» ASSIGNMENT: Where an image appears, leave it out; otherwise repeat the data exactly.

» INPUT MATERIAL:
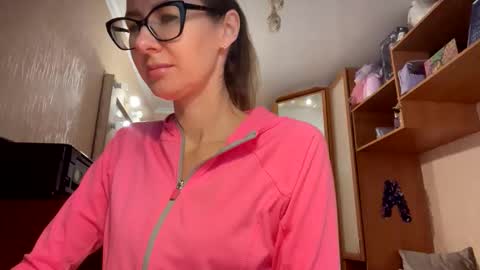 Snapshot of feraliss chatting on November 23, 2025, 9:20 am feraliss online show from November 23, 2025, 9:20 am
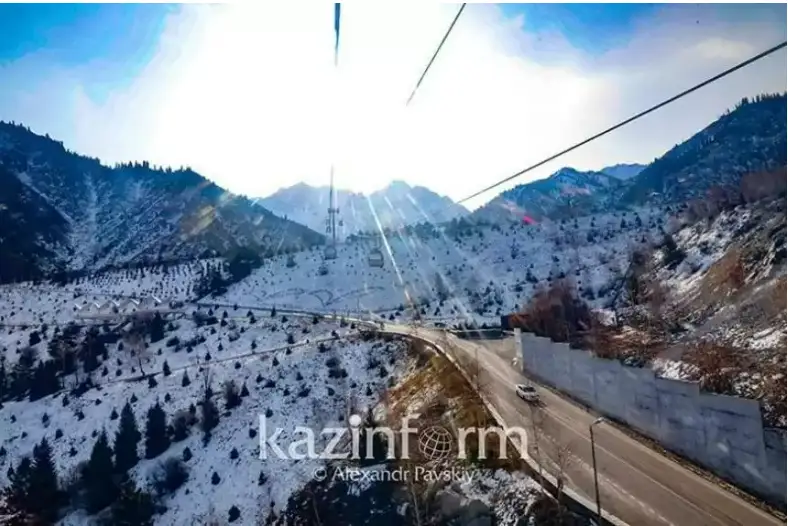 شىمبۇلاققا تەك قانا ەلەكتر قۋاتىمەن جۇرەتىن كولىكتەر كوتەرىلە الادى - اكىمدىك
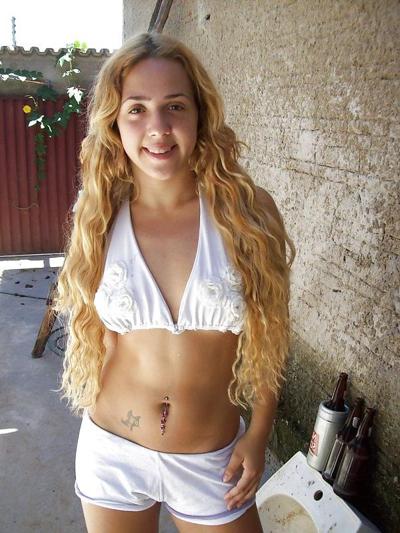 25P Des culs en short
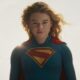 Pourquoi le costume de film de Supergirl conserve la jupe classique de la bande dessinée (visite du plateau)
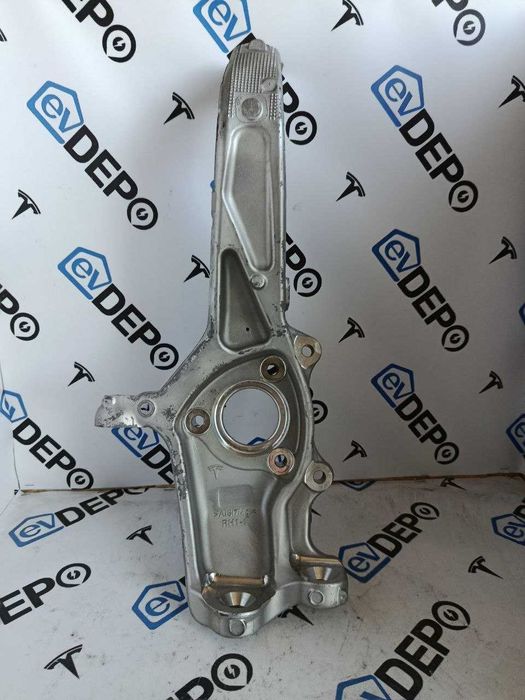 Цапфа \ Поворотній кулак tesla MY \ M3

» PROBLEM SOLUTION:
 Snapshot of feraliss chatting on November 23, 2025, 9:20 am feraliss online show from November 23, 2025, 9:20 am
 شىمبۇلاققا تەك قانا ەلەكتر قۋاتىمەن جۇرەتىن كولىكتەر كوتەرىلە الادى - اكىمدىك
 25P Des culs en short
 Pourquoi le costume de film de Supergirl conserve la jupe classique de la bande dessinée (visite du plateau)
 Цапфа \ Поворотній кулак tesla MY \ M3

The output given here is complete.